From: Damien Sullivan (phoenix@ugcs.caltech.edu)
Date: Mon Apr 14 2003 - 15:58:08 MDT
On Mon, Apr 14, 2003 at 05:08:12PM -0400, Harvey Newstrom wrote:
> > selection, adaptation) and 2) modern nutritional science is
> > incomplete and fraught with contradictions
> >
> > The conclusion then is that evolutionary science is a more
> > reliable guide to making diet choices than nutritional science.
>
> So whatever "nature" has given us is the best answer, and science can never
> hope to improve upon that? This seems to go against everything
Re-read his text.
"Modern nutritional science is incomplete". It is. And the way it keeps
twisting and turning makes it an unreliable guide. Fifty years from now
things will hopefully be better. But right now it's not unreasonable to view
science as not very useful for reductionist changes in this area, vs. finding
a gestalt with historical evidence and eating that.

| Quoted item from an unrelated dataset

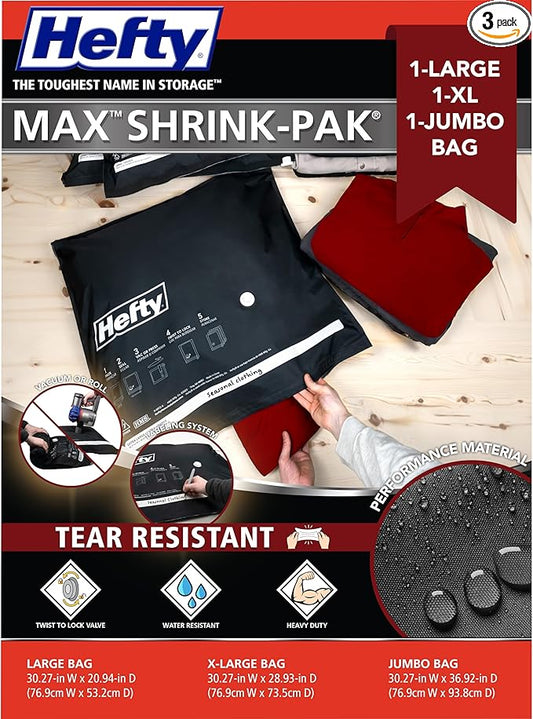 Hefty MAX Shrink-Pak Vacuum Storage Bags Combo Pack â Max Strength Tear-Proof Bags For Clothes, Pillows, Towels, Blankets & More â Space Saver Suction Sealer Bags for Homeâ 1 Large, 1 XL, 1 Jumbo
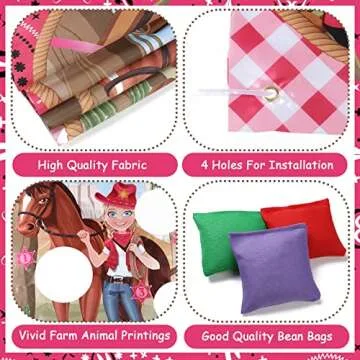Cowgirl Toss Game, Western Cowgirl Cowboy Game Backdrop Pink with 3 Bean Bags for Kids, Wild West Last Rodeo Cowgirl Birthday Bachelorette Party Decorations Outdoor Indoor Games Family Class Activity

He didn't say anything about 'never'.
> research, as well as life-extension studies. I'd rather take my supplements
> than eat a "default" diet. There is no reason to believe that evolutionary
But do the supplements help? Do they do damage? Are they ignoring harder to
isolate factors in normal food, or based on studies on yeast? Is the
recommended supplement of 5 years ago collecting cautionary studies about it
today?
Having read a lot myself I think the only reliable nutrition recommendations
are "eat more fruits and veggies" and "eat less/don't be a pig". Avoiding
added sugar and hydrogenated fats also seems a good bet. And the right fish
is probably good, but look out for mercury, and maybe worry about the
conservation side of things too (audubon.org has good fish listings). Beyond
that it's all various gambles, whether vegetarianism, supplements, paleo,
Okinawa, or whathaveyou. Even CR (sure they live longer, but I wonder about
effects on the brain.)
> do it. Science trumps nature all the way. I want to live *longer* than a
Only after science knows what it's talking about, which can take a while.